All of lore.kernel.org
 help / color / mirror / Atom feed
From: Peter Lieven <pl@kamp.de>
To: Paolo Bonzini <pbonzini@redhat.com>
Cc: Stefan Hajnoczi <stefanha@gmail.com>,
	Orit Wasserman <owasserm@redhat.com>,
	qemu-devel@nongnu.org, quintela@redhat.com
Subject: Re: [Qemu-devel] [PATCHv4 0/9] buffer_is_zero / migration optimizations
Date: Tue, 26 Mar 2013 09:14:51 +0100	[thread overview]
Message-ID: <F01A8B40-2F39-4FB7-976D-1E385F0AE0A2@kamp.de> (raw)
In-Reply-To: <51506068.5080103@redhat.com>


Am 25.03.2013 um 15:34 schrieb Paolo Bonzini <pbonzini@redhat.com>:

> 
> Hmm, right.  What about just processing the first few longs twice, i.e.
> the above followed by "for (i = 0; i < len / sizeof(sizeof(VECTYPE); i
> += BUFFER_FIND_NONZERO_OFFSET_UNROLL_FACTOR)"?

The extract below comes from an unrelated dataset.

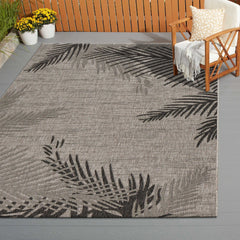 8' X 9' Beige Floral Indoor Outdoor Area Rug - Homeroots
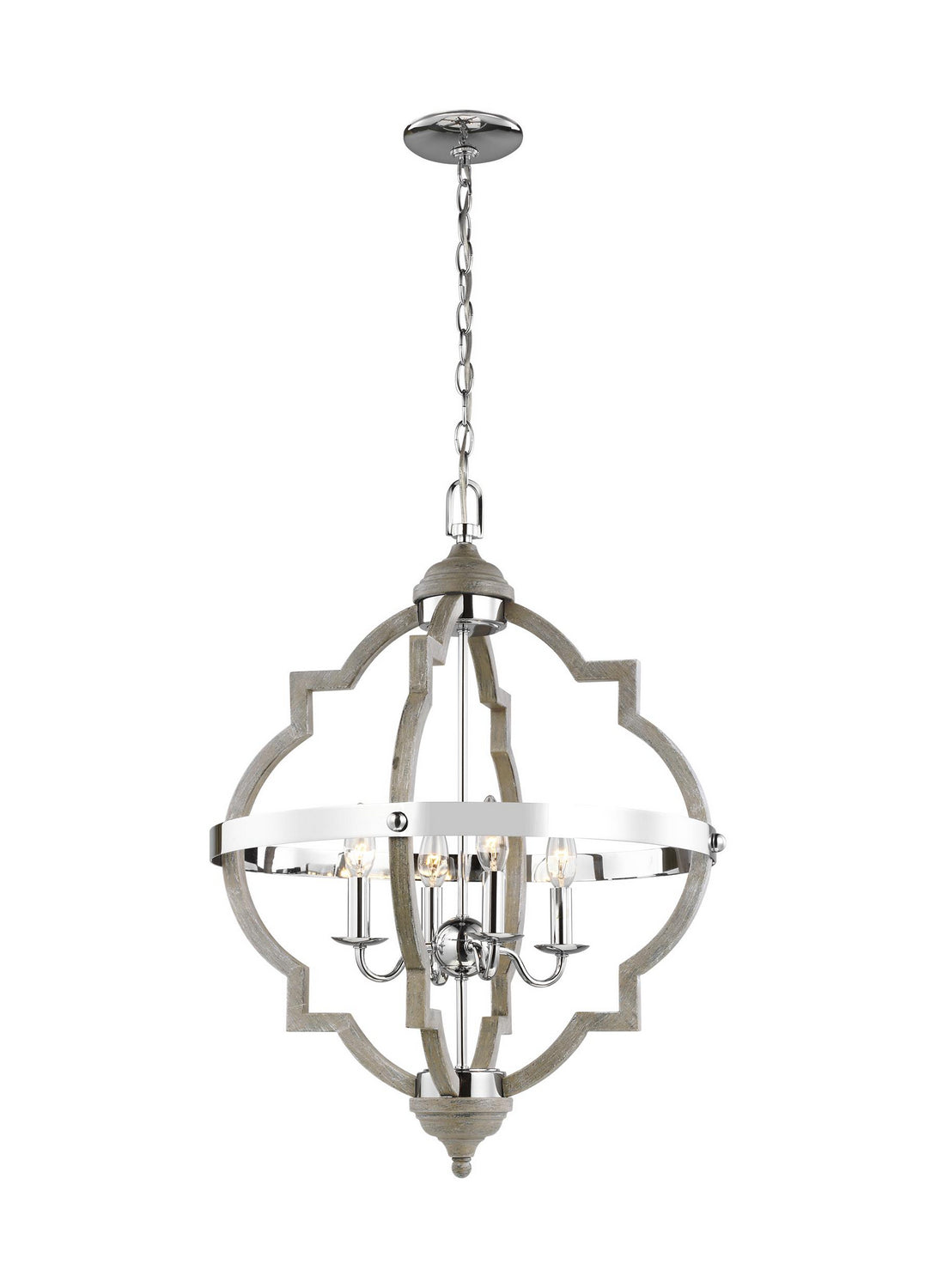 Generation Lighting. - 5124904-872 - Four Light Hall / Foyer Pendant - Socorro - Washed Pine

I tested this version as v3:

size_t buffer_find_nonzero_offset_v3(const void *buf, size_t len)
{
    VECTYPE *p = (VECTYPE *)buf;
    unsigned long *tmp = (unsigned long *)buf;
    VECTYPE zero = ZERO_SPLAT;
    size_t i;
    
    assert(can_use_buffer_find_nonzero_offset(buf, len));
    
    if (!len) {
        return 0;
    }
    
    if (tmp[0]) {
        return 0;
    }

    if (tmp[1]) {
        return 1 * sizeof(unsigned long);
    }

    if (tmp[2]) {
        return 2 * sizeof(unsigned long);
    }

    if (tmp[3]) {
        return 3 * sizeof(unsigned long);
    }

    for (i = 0; i < len / sizeof(VECTYPE); 
            i += BUFFER_FIND_NONZERO_OFFSET_UNROLL_FACTOR) {
        VECTYPE tmp0 = p[i + 0] | p[i + 1];
        VECTYPE tmp1 = p[i + 2] | p[i + 3];
        VECTYPE tmp2 = p[i + 4] | p[i + 5];
        VECTYPE tmp3 = p[i + 6] | p[i + 7];
        VECTYPE tmp01 = tmp0 | tmp1;
        VECTYPE tmp23 = tmp2 | tmp3;
        if (!ALL_EQ(tmp01 | tmp23, zero)) {
            break;
        }
    }
    
    return i * sizeof(VECTYPE);
}

For reference this is v2:

size_t buffer_find_nonzero_offset_v2(const void *buf, size_t len)
{
    VECTYPE *p = (VECTYPE *)buf;
    VECTYPE zero = ZERO_SPLAT;
    size_t i;
    
    assert(can_use_buffer_find_nonzero_offset(buf, len));
    
    if (!len) {
        return 0;
    }
    
    for (i = 0; i < BUFFER_FIND_NONZERO_OFFSET_UNROLL_FACTOR; i++) {
        if (!ALL_EQ(p[i], zero)) {
            return i * sizeof(VECTYPE);
        }
    }

    for (i = BUFFER_FIND_NONZERO_OFFSET_UNROLL_FACTOR; 
            i < len / sizeof(VECTYPE); 
            i += BUFFER_FIND_NONZERO_OFFSET_UNROLL_FACTOR) {
        VECTYPE tmp0 = p[i + 0] | p[i + 1];
        VECTYPE tmp1 = p[i + 2] | p[i + 3];
        VECTYPE tmp2 = p[i + 4] | p[i + 5];
        VECTYPE tmp3 = p[i + 6] | p[i + 7];
        VECTYPE tmp01 = tmp0 | tmp1;
        VECTYPE tmp23 = tmp2 | tmp3;
        if (!ALL_EQ(tmp01 | tmp23, zero)) {
            break;
        }
    }
    
    return i * sizeof(VECTYPE);
}

I ran 3*2 tests. Each with 1GB memory and 256 iterations of checking each 4k page for zero.

1) all pages zero

a) SSE2
is_zero_page: res=67108864 (ticks 3289 user 1 system)
is_zero_page_v2: res=67108864 (ticks 3326 user 0 system)
is_zero_page_v3: res=67108864 (ticks 3305 user 3 system)
is_dup_page: res=67108864 (ticks 3648 user 1 system)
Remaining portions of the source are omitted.